According to statistics, 1,403 out of 23,270 kolkhozes had met the
year’s quotas as of October 1932.
Confiscating all food under the guise of grain procurements was only a
part of the operation. Peasants starved to death only when this
campaign was combined with a ban on information about the famine and
when the starving people were blockaded. There is no documented proof
of this ban on information, but it is an established fact that the
Kremlin refused to acknowledge the 1932-33 famine until Dec. 25, 1987.
Even top secret files contain no wording related to the famine. It was
used only in a closed segment of office documents with the status
“Special Folder.”
There is sufficient documented evidence of the blockade of villages
were all foodstuffs were confiscated. On Dec. 22, 1933, the CC VKP(B)
and the Sovnarkom of the USSR sent a coded message to the regions
bordering on Ukraine. It read: “It has become known to the CC VKP(B)
and the Sovnarkom of the USSR that peasants in the Kuban and Ukraine
have started leaving these territories en masse ‘in search of bread,’
head for CChO, Volga, Moscow oblast, Western region, and Belarus.
The CC VKP(B) and the Sovnarkom of the USSR have no doubt that this
exodus of peasants, like the one last year in Ukraine, has been
organized by the enemies of Soviet power, Socialist Revolutionaries,
and Polish agents in order to conduct propaganda, through peasants in
the northern territories of the USSR, aimed against the kolkhozes and
the Soviet authorities in general.”
I. Zelenin, the editor of
the third volume of the collection Tragediia sovetskogo sela (Tragedy
of the Soviet Village), included a comment saying that Stalin wrote it
himself (the signature has been preserved) and that Molotov’s signature
appeared only in a reprinted copy.
A few words about Stalin’s reference to the 1932 exodus of Ukrainian
peasants are in place. It is true that some three million peasants left
Ukraine and headed for neighboring regions in search of food after the
famine struck the Ukrainian SSR, caused by the 1931 grain procurement
campaign. Confiscation of all foodstuffs practically instantly
transformed peasants, who had long been starving and boiling with
anger, into an inert mass.
Stalindorf’s district party committee secretary Kiper informed the
Dnipropetrovsk oblast Communist Party committee on Feb. 25, 1933: “The
collective farmers’ despair has reached the limit; people have stopped
asking for help; they are lying around in their cold unheated homes,
awaiting death.” That is precisely the consequences Stalin had sought.
How long did the Cheka food confiscation operation last? It is
reasonable to assume that it ended with the start of a large-scale
campaign to aid the starving peasants. On February 7 the Politburo of
the CC VKP(B) adopted the first resolutions providing for food aid for
Dnipropetrovsk and Odesa oblast, 200,000 poods of rye in each case.

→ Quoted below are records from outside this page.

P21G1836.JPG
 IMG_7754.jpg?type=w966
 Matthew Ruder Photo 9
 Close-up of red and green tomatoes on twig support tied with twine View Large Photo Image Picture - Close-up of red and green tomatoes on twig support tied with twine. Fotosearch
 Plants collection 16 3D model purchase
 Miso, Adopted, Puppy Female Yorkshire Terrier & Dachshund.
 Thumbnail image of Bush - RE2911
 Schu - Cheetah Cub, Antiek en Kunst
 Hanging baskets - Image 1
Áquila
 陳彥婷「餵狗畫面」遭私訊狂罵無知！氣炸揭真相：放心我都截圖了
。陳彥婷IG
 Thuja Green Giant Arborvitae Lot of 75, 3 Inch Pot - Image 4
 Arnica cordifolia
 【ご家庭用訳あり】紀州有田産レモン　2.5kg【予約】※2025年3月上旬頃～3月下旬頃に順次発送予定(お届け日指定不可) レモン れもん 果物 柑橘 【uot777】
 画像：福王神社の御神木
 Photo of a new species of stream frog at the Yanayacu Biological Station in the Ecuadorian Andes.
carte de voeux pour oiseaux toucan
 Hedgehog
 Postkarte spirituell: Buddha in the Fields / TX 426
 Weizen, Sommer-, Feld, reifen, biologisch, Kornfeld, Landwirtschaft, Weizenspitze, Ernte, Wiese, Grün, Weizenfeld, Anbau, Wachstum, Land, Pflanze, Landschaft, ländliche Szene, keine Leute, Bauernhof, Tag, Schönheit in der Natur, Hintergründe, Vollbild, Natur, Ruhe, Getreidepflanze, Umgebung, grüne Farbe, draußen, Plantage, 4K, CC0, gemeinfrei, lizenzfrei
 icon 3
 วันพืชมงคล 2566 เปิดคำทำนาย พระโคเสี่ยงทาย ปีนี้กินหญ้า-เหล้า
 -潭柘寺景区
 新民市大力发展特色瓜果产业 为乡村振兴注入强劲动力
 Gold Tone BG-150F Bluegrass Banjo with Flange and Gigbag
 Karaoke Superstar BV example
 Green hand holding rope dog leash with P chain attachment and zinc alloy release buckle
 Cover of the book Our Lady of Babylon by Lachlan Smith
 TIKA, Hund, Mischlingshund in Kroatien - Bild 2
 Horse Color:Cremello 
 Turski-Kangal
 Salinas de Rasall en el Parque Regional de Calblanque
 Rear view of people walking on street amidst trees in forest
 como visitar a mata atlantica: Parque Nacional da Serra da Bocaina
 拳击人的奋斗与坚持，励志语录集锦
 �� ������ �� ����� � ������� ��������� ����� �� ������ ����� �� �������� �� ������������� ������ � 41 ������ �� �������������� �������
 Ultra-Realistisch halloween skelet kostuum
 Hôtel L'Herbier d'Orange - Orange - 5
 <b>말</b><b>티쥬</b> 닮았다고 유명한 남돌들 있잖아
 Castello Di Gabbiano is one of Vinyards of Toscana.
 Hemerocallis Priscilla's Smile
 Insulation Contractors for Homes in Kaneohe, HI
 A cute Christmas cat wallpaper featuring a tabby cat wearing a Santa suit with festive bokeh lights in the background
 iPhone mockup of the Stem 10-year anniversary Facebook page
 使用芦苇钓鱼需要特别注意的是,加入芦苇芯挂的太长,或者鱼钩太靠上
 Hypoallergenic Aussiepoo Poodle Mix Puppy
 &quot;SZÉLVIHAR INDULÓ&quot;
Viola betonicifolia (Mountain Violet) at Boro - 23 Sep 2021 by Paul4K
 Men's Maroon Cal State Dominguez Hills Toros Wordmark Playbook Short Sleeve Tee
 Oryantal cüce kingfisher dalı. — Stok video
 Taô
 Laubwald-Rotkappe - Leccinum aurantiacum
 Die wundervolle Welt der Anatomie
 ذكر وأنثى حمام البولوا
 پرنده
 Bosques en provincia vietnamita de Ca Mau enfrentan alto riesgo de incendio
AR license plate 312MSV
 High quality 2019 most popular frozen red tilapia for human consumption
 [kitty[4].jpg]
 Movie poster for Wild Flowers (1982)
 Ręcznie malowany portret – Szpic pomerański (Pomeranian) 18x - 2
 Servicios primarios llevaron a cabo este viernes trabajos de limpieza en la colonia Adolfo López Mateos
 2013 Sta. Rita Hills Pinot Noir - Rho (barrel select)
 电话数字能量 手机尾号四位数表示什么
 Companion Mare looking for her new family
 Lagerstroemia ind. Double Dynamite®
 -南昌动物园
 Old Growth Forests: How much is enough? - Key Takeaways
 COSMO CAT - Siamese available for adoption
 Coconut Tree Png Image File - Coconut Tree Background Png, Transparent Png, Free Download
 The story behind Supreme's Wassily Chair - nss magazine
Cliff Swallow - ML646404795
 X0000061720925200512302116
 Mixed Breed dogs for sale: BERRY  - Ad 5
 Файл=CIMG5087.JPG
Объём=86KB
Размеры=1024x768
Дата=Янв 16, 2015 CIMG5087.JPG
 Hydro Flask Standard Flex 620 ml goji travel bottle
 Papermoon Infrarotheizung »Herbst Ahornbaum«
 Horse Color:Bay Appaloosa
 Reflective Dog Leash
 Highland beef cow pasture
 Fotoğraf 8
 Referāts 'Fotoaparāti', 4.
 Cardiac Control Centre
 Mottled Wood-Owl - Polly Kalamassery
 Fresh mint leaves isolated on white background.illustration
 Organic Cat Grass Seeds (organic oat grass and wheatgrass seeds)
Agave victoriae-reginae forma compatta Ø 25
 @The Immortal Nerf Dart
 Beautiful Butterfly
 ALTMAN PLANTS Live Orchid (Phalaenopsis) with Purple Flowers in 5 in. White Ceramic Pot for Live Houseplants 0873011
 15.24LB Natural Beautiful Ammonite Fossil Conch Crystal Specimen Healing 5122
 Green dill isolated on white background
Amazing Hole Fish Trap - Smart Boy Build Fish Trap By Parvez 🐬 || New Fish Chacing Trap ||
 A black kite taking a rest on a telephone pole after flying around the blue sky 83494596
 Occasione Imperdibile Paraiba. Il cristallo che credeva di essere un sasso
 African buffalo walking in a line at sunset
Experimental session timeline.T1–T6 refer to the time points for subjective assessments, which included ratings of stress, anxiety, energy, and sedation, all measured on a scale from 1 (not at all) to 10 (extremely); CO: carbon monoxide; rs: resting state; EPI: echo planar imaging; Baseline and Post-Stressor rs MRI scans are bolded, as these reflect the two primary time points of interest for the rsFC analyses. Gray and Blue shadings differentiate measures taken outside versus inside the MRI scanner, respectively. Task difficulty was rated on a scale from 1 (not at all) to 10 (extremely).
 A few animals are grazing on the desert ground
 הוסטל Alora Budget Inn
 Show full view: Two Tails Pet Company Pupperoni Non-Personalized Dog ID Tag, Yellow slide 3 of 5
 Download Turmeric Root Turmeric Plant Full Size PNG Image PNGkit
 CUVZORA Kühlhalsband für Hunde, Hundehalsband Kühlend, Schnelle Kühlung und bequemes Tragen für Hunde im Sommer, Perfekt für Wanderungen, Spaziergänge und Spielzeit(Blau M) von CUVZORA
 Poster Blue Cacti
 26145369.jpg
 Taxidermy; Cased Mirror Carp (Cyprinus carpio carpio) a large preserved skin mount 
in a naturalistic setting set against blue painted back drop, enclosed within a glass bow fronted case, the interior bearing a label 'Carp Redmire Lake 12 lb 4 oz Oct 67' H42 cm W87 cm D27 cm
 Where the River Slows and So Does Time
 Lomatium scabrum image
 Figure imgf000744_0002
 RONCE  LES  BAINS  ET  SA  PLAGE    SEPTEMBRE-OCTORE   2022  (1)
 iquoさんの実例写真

This aid, however, was meant for the “party and non-partisan activists
in the collective farms.” After the “devastating blow” rendered any
social outbursts impossible, Stalin’s wording changed; now the “kulak
saboteurs” were “non-partisan activists in the collective farms.”
PART
IV - The Day Weekly Digest in
English #6
Kyiv, Ukraine, Tuesday, 24 February 2009
9.
RUSSIAN FOREIGN MINISTRY’S INVASION OF THE INTERNET
Prior to the consideration of the Holodomor bill at the Verkhovna Rada
of Ukraine, the Federal Security Service (FSB) of the Russian
Federation handed over to Vesti a number of declassified materials
from its archives.
On Nov. 24, 2006, these
documents appeared in print, along with a commentary by the journalist
Yelena Loria who scolded the Ukrainian politicians for demanding
recognition of the Holodomor as an act of genocide against the
Ukrainian people, while trying to avoid mentioning the fact that the
famine struck the Volga region, the Northern Caucasus, the Urals,
Kazakhstan, and the Far East.
Why? It would seem only
natural for Russian scholars and politicians to mention the famine in
the above-mentioned regions of the USSR. As though forestalling this
counterargument, Loria ended her brief commentary with a paragraph
worth being quoted in full: “There is one undeniable plus to this
attempt of the Ukrainian politicians to ‘privatize’ the tragedy and
rewrite history: an increasing number of people in Ukraine are
learning about the Holodomor and remember their history. In Russia’s
textbooks this topic receives only superficial treatment, as though
seven million people (one-third Russians) never died.” As they say, no
comment.
In 2008 the foreign ministries of Russia and Ukraine exchanged
undiplomatically harsh words after the latter tried to draw the
attention of international organizations to the Holodomor. In September
the Russian foreign ministry’s official website published 197
documents from the Central Archives of the FSB and three other central
Russian archives, concerning the 1932-33 famine. In a short foreword
the compilers did not comment on the contents, welcoming the readers to
figure out everything themselves.
Needless to say, people who compiled these documents had an idea in
mind. Sergei Lozunko voiced it in his article published by the
newspaper 2000 on October 17: “These documents refute the concept of an
‘engineered genocide against Ukrainians.’“ Following the topics
covered by the documents, the article consisted of two large sections:
“Famine gripped all of the USSR” and “Aid to starving Ukraine.”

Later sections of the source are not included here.